# Dakotas



## loggermike (Jul 23, 2000)

I guess everyone is too busy running hives out of the flood areas to get on the net. I hope not, but the pictures sure look bad.


----------



## Bob Nelson (Feb 10, 2005)

Seeing same thing here with basswood. We do not have large natural stands like MN but there are quite a few in town. They normally bloom second week of June but just opened up a week or 10 days ago. They continue to be in heavy bloom now. So far as clover and vetch, there is way more bloom than looked like there was going to be earlier. Hope it's just getting started.


----------



## LSPender (Nov 16, 2004)

every thing is late this year by 3 to 6 weeks, lots of honey boxes will be out in next 2 weeks.


----------



## Mtn.

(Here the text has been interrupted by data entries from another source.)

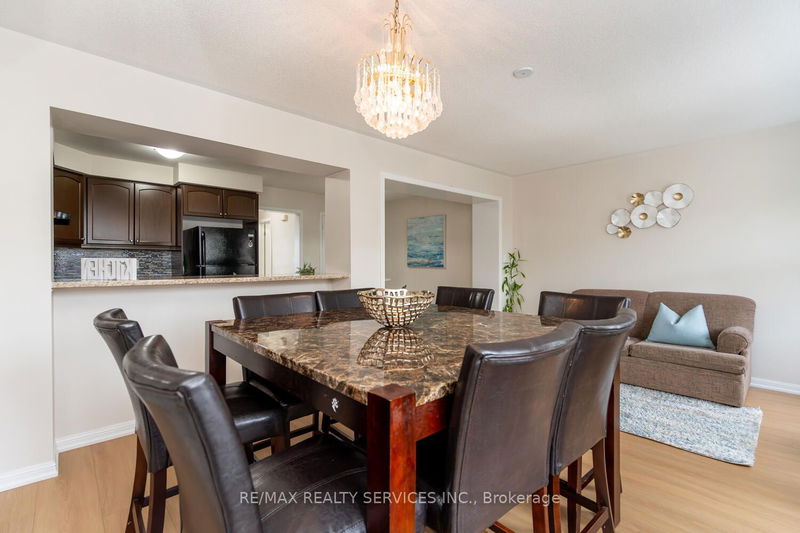 39 Vanhorne Clse  Brampton, L7A 0X8 | Image 24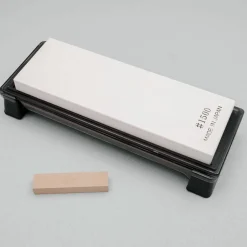 Suehiro 300/1500 Wetsteen + Houder / Bewaardoos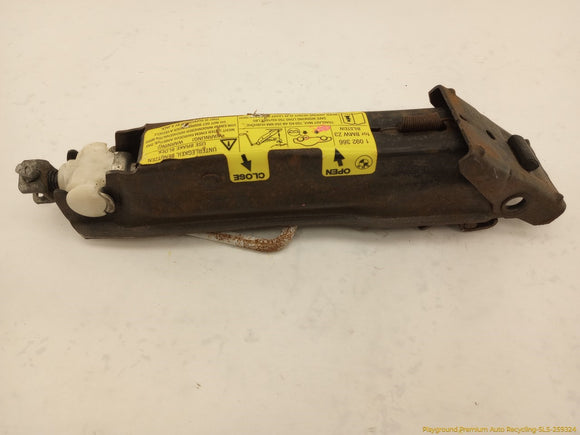 BMW Z3 Vehicle Jack & Tools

Bee (Nov 10, 2009)

The Locust trees are blooming here now and the Camas just finished.
Lots of brush still blooming (ie. ninebark, snowberry,etc.)
Everything about 4 weeks behind in the Panhandle!
Drove through North Dakota about 4 weeks ago on Hwy. 2 and everything looked like one of the Great Lakes! SAD! Poor farmers and beeks!
Parts of the Hwy had been shut down earlier and I saw a railroad track being rebuilt as it was sinking into a Lake that used to be a planted field.
Saw a semi load of bees heading east today on I-90 when I was traveling home with 130 supers that I bought in MT and I was wondering if they were going to North Dakota?
Mtn. Bee


----------



## Nick Noyes (Apr 28, 2005)

I think its going to be really good this year. If the weather stays nice and warm.


----------



## The Honey Householder (Nov 14, 2008)

Just got back from a family reunion in ID last week. Came back across I-90. The sweetclover looked the best in WY, but SD didn't look bad either. Seen a lot of hive in SD, but they didn't have to many supers on them. No basswood here this year, all the leaves are turning brown and no bloom. Most the soybeans are 3-4 weeks late. Looking like the honey crop is going to be short and late this year here. April and May was all rain and now it's gone dry.


----------



## Ben Franklin (May 3, 2011)

This has been a bad year so far all around. 
Here in Ohio we are more then a month behind.


----------



## benstung (Mar 20, 2011)

just checking in here from MN and things are looking good. basswoods are about to bloom i think it could be like back in '76.


----------



## alpha6 (May 12, 2008)

At least a month behind...seeing alot of caulk brood and EFB this year also...possibly from the wet and cold May we had. Flows are just starting with earnest...so that's a good thing.


----------



## Tom G. Laury (May 24, 2008)

Honeyflows are late in California also.


----------



## jim lyon (Feb 19, 2006)

Certainly a bit late this year, and usually late means bad. You don't get days back, the season marches on. Not a lot of bloom in our area but plenty of moisture and not many good honey flow days. My guess is that with a lot of warm weather South Dakota is going to be average at best. Hey Benstung (love that name) I'm probably one of the few people on here who was actually operating a bee outfit in Minnesota in 1976. Hot and dry (quite often not a bad thing up there) and one of the worst crops ever at least for me in the west central part of the state. I just dated myself though I think I was only ummmm around 8 at the time.


----------



## gregstahlman (Oct 7, 2009)

honeyflow on schedule here. started re-supering today to get them stacked up, should be done friday. ask me in November how it turned out. too early to speculate. a lot can change from now till frost


----------



## benstung (Mar 20, 2011)

jeez greg you can get through all your yards in 4 days ?


----------



## gregstahlman (Oct 7, 2009)

not quite. had about 18,000 mediums left in the building, so we are gonna stack some our outfit tall and then start extracting the hives that we couldn't stack as tall so we can stay ahead of them. been supering 1300-1400 hives per day. that time of year again!!!!


----------